Sales Forecasting

Konstantin Burkin

Introduction

This project was written in Google Colab, using Python version 3.7.13. This work is available in my Github repository, where it is possible to download Colab Notebook, check the code and reproduce my work.

Assignment

Predicting the number of sales is an important business problem for grocery stores, fast food restaurants, and delivery systems. Predicting the number of orders can not only speed up the delivery process, but also simplify the company's logistics, maintain the quality of products with a short shelf life and increase the business's rating, thereby increasing its competitiveness. Thus, predictive analysis allows business to repeatedly reduce the consumption of resources and operating costs.

The goal of this project is to create predictions to evaluate the number of sales in Delivery Club for a week in February. This week was described by "test" dataframe, that contained information about the date, weather conditions, product types, stores, and their locations. The history of the sales for previous 7 months is available in the "train" dataframe. The predictions should be made with any kind of ML model. However, predictions should not exceed 4.1 points of mean absolute error metric. Both dataframes describing Delivery Club sales from 160 stores in 10 russian cities were provided by the supervisor.

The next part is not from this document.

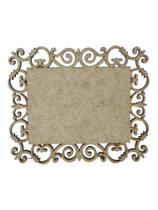 Placa MDF Cru Artesanato Design Quadrado Arabesco Liso 20CM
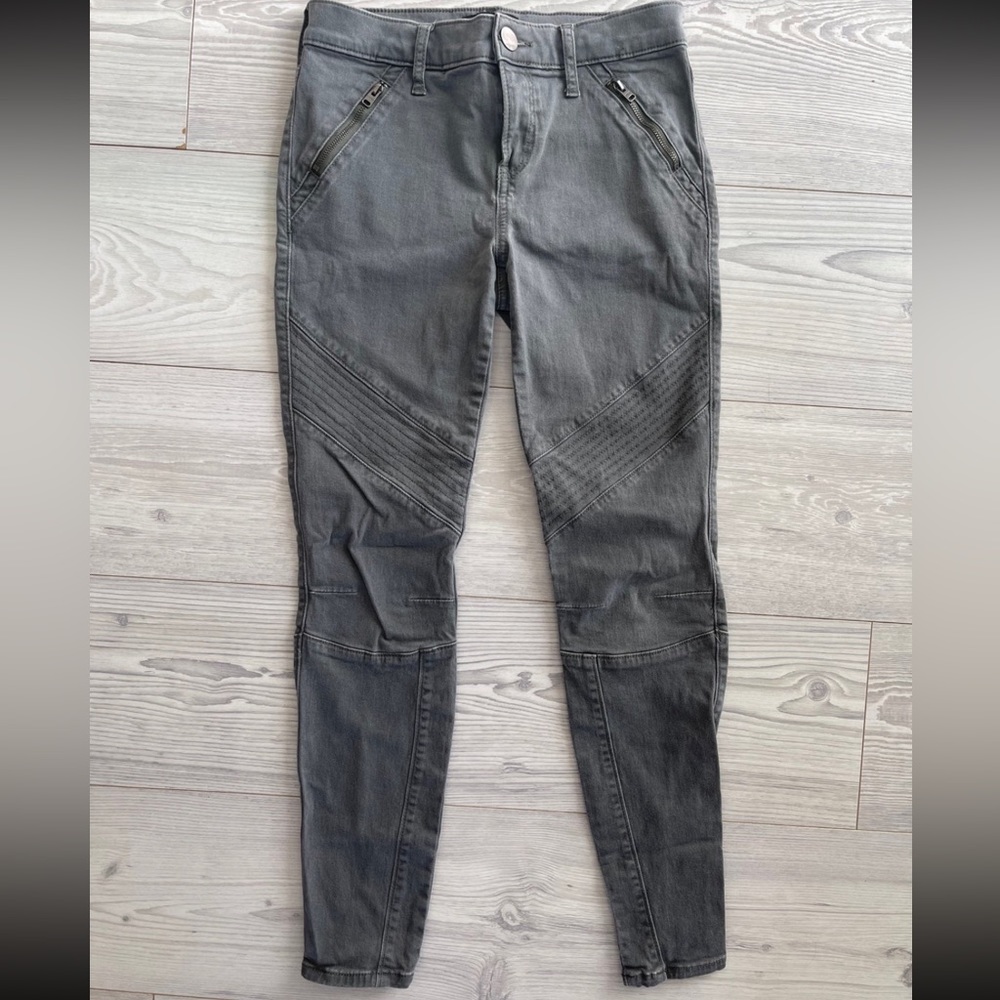 Express Mid-Rise Ankle Legging Stretch Jeans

The result of this project is a dataframe containing id of products and corresponding number of predicted sales. The accuracy of predictions was evaluated using Yandex.contest platform.

Brief outline

Setup notebook environment

Import data and libraries
Dataframe conversion to English format

Exploration of data

Data types, number of unique values, description of columns, missing values analysis
Statistical evaluation of numeric columns, initial correlation between columns

Visualisation of patterns in the dataframe
Data transformation. Visualisation of dependencies between sales column and other columns
Comparison of ML models to choose the one with minimal absolute error
Building predictions and visualisation the result

Import of data and Python libraries

The following data analysis includes several Python libraries for data analysis, builduing ML models, ploting data, etc:

Numpy
Pandas
Plotly
Sklearn
Seaborn
Google colab

Two dataframes were downloaded and read (train.csv and test.csv) from my Github repository. Both dataframes are available on my Github page. The train dataframe is used to examine data, find patterns and factors that correlate with the number of sales, add new variables and test ML models. The test dataframe is used to build predictions that will be evaluated later in Yandex.contest.

The head of the dataframe

id	date	city_name	store_id	category_id	product_id	price	weather_desc	humidity	temperature	pressure	sales
1	2021-07-29	Moscow	1	1	1	4.79	partly cloudy, light rain	61.9375	23.1875	741.0000	26
2	2021-07-30	Moscow	1	1	1	4.79	partly cloudy, light rain	70.2500	22.1875	740.3125	37
3	2021-07-31	Moscow	1	1	1	4.79	partly cloudy	52.6250	21.8125	741.6250	25
4	2021-08-01	Moscow	1	1	1	4.79	cloudy, light rain	87.4375	20.0625	743.3125	26
5	2021-08-02	Moscow	1	1	1	4.79	partly cloudy	66.1875	23.4375	739.6250	22

Exploratory Data Analysis

Statistical data description

Two dataframes (train.csv and test.csv) have common list of 11 variables. "Sales" variable is present only in train dataframe.

Table of variables

№	Variable	Description	Datatype	Unique values
1	id	Unique identifier representing a bundle (product_id, store_id, date) There is only one id, it does not repeat in the data	int64	666676
2	date	Date of sale	object	200
3	city_name	Name of the city where the sale took place	object	10
4	store_id	Unique identifier for each store	int64	160
5	category_id	Product category	int64	9
6	product_id	Unique identifier for each type of product	int64	32
7	price	Price of the product	float64	29
8	weather_desc	Weather description	object	16
9	humidity	Humidity in the city on the day of sale	float64	916
10	temperature	Temperature in the city on the day of sale	float64	505
11	pressure	Atmosphere pressure in the city on the day of sale	float64	344
12	sales	Number of product sales (this is what I should predict)	int64	249

There are 666 676 observations in the train dataframe and 24 836 observations in the test dataframe.
The train dataframe describes data in 7 months period, from June 29 to February 13.
The test dataframe describes data in one week period from February 14 to February 20.
The dataframe contains information from 10 cities:
Moscow, St. Petersburg, Krasnodar, Samara, Nizhny Novgorod Rostov-on-Don, Volgograd, Voronezh, Kazan, and Yekaterinburg.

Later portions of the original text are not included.